## What to produce:
Select and reproduce each line of the listing below that bears the string "procés".
-- Material for the task follows --
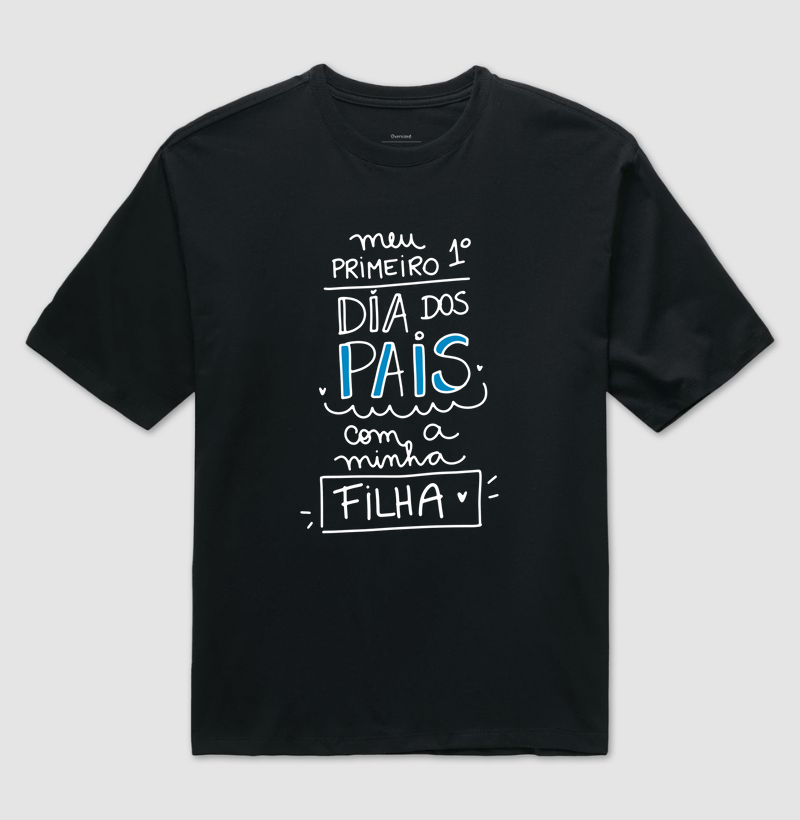 Meu 1º Dia dos Pais com Filha (versão 5)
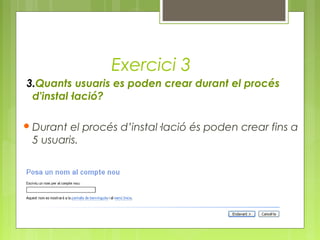 Exercici 3
3.Quants usuaris es poden crear durant el procés
d'instal·lació?
Durant el procés d’instal·lació és poden crear fins a
5 usuaris.
 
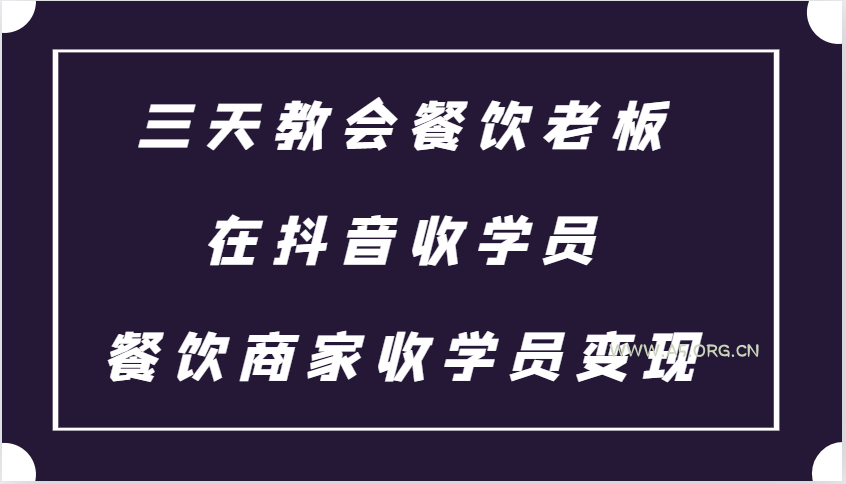 三天教会餐饮老板在抖音收学员 ，餐饮商家收学员变现课程-A5资源网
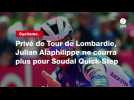 VIDÉO. Cyclisme. Privé de Tour de Lombardie, Julian Alaphilippe ne courra plus pour Soudal Quick-Step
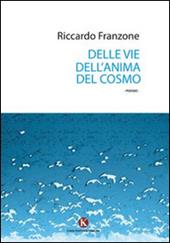 Delle vie dell'anima del cosmo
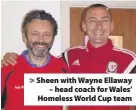  ??  ?? > Sheen with Wayne Ellaway – head coach for Wales’ Homeless World Cup team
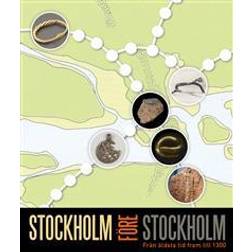 Stockholm före Stockholm: från äldsta tid fram till 1300 (Häftad)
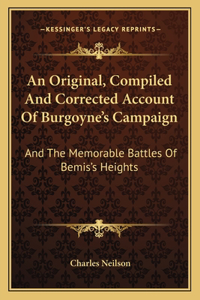 An Original, Compiled and Corrected Account of Burgoyne's Campaign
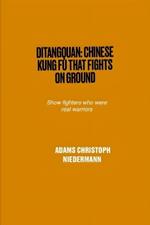 Ditangquan: Chinese Kung Fu That Fights on Ground: Show fighters who were real warriors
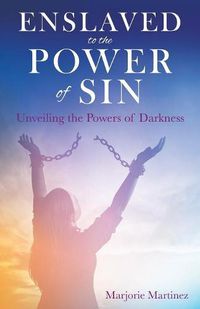 Cover image for Enslaved to the Power of Sin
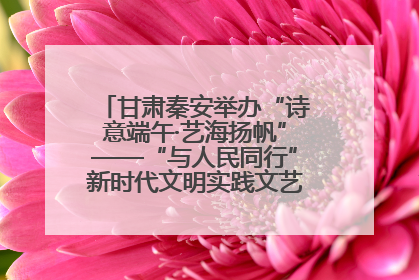 甘肃秦安举办“诗意端午·艺海扬帆”——“与人民同行”新时代文明实践文艺志愿服务活动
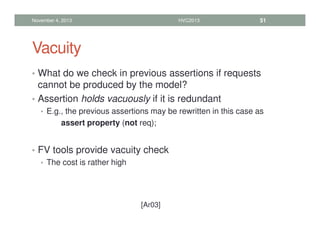 Vacuity
• What do we check in previous assertions if requests
cannot be produced by the model?
• Assertion holds vacuously if it is redundant
• E.g., the previous assertions may be rewritten in this case as
assert property (not req);
• FV tools provide vacuity check
• The cost is rather high
November 4, 2013 HVC2013 51
[Ar03]
 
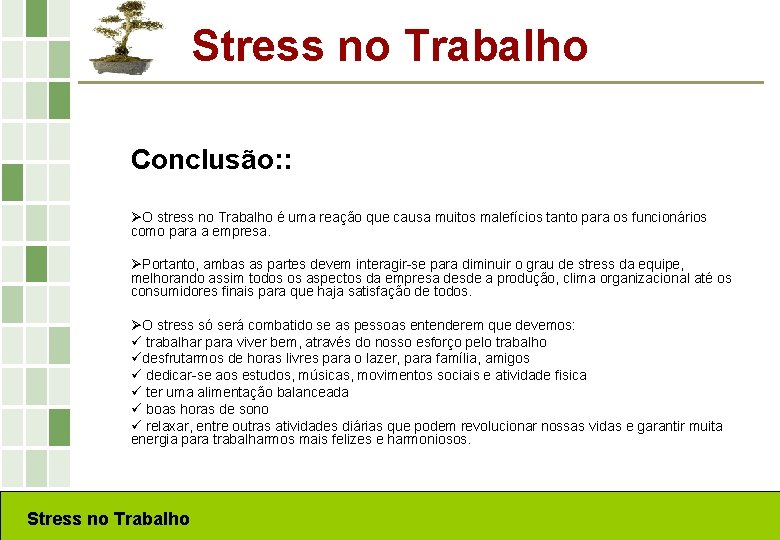 Stress no Trabalho Conclusão: : ØO stress no Trabalho é uma reação que causa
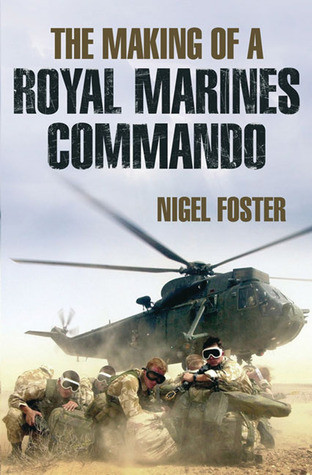 Nigel Foster / The Making of a Royal Marines Commando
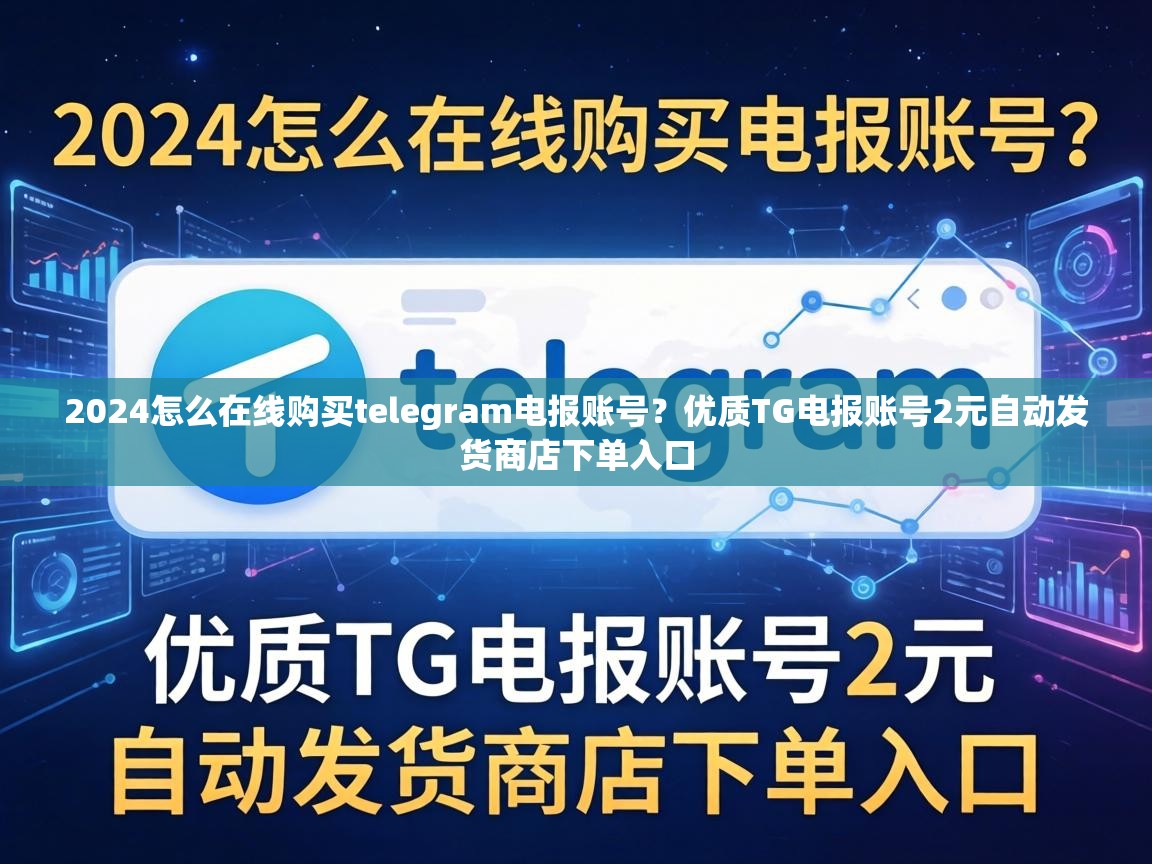 2024怎么在线购买telegram电报账号？优质TG电报账号2元自动发货商店下单入口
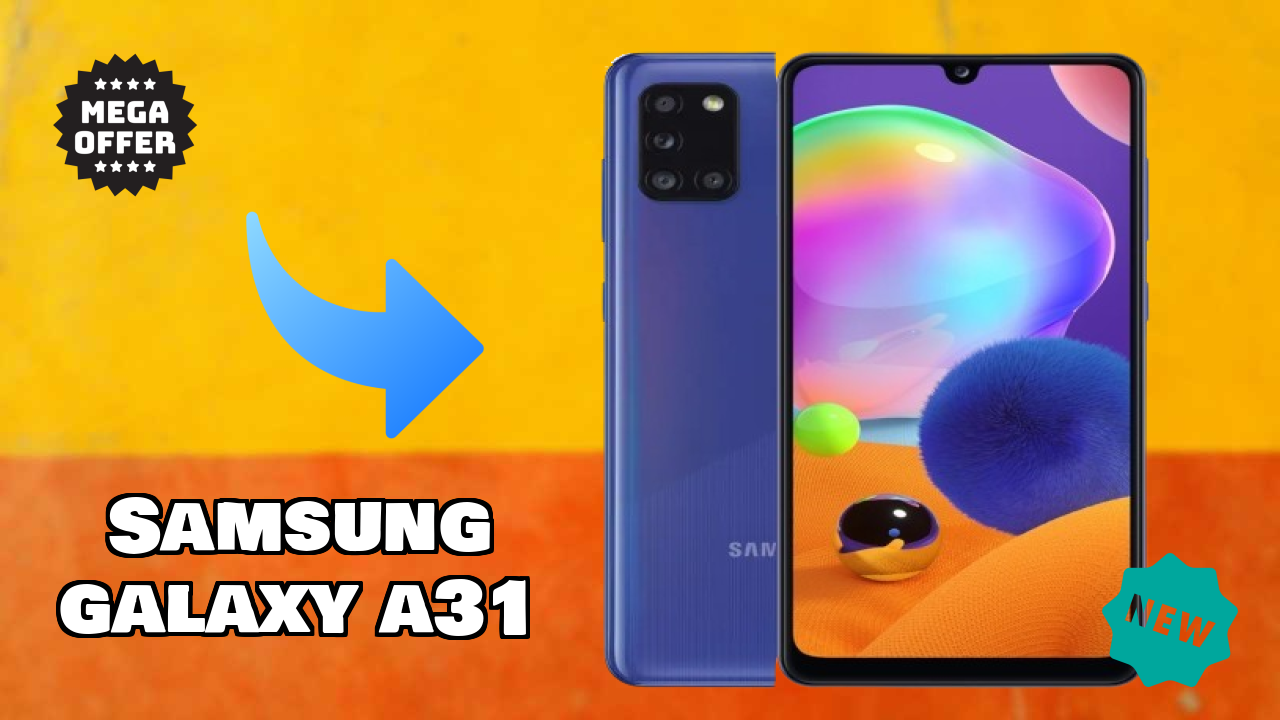 Samsung Galaxy A31 2026 फीचर बैटल – टॉप विकल्प?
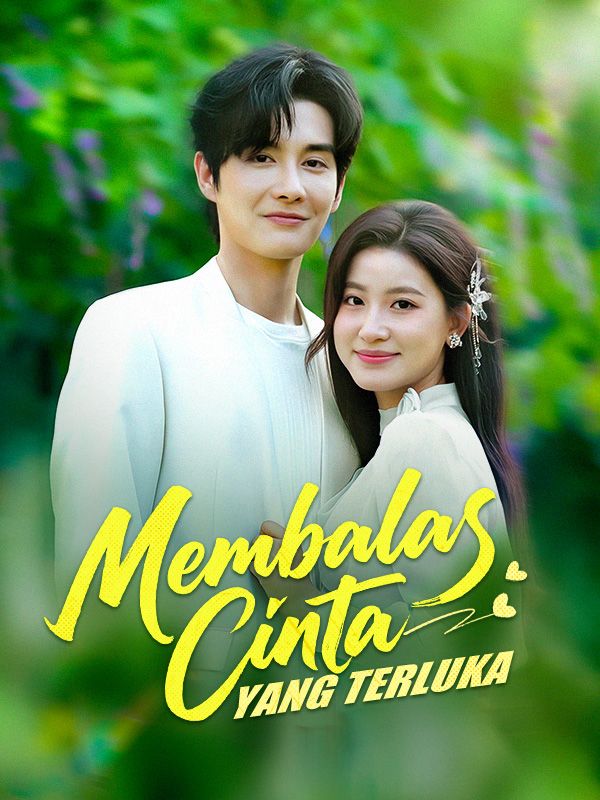 Membalas Cinta yang Terluka poster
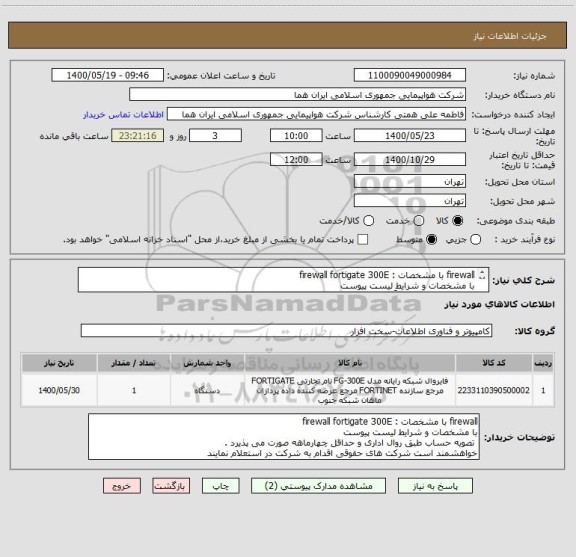 استعلام firewall با مشخصات : firewall fortigate 300E
با مشخصات و شرایط لیست پیوست 
 انتخاب ایران کد صرفاً به علت تشابه با کالای درخواستی می باشد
-- Material for the task concluded --
## Your response:
3.Quants usuaris es poden crear durant el procés
Durant el procés d’instal·lació és poden crear fins a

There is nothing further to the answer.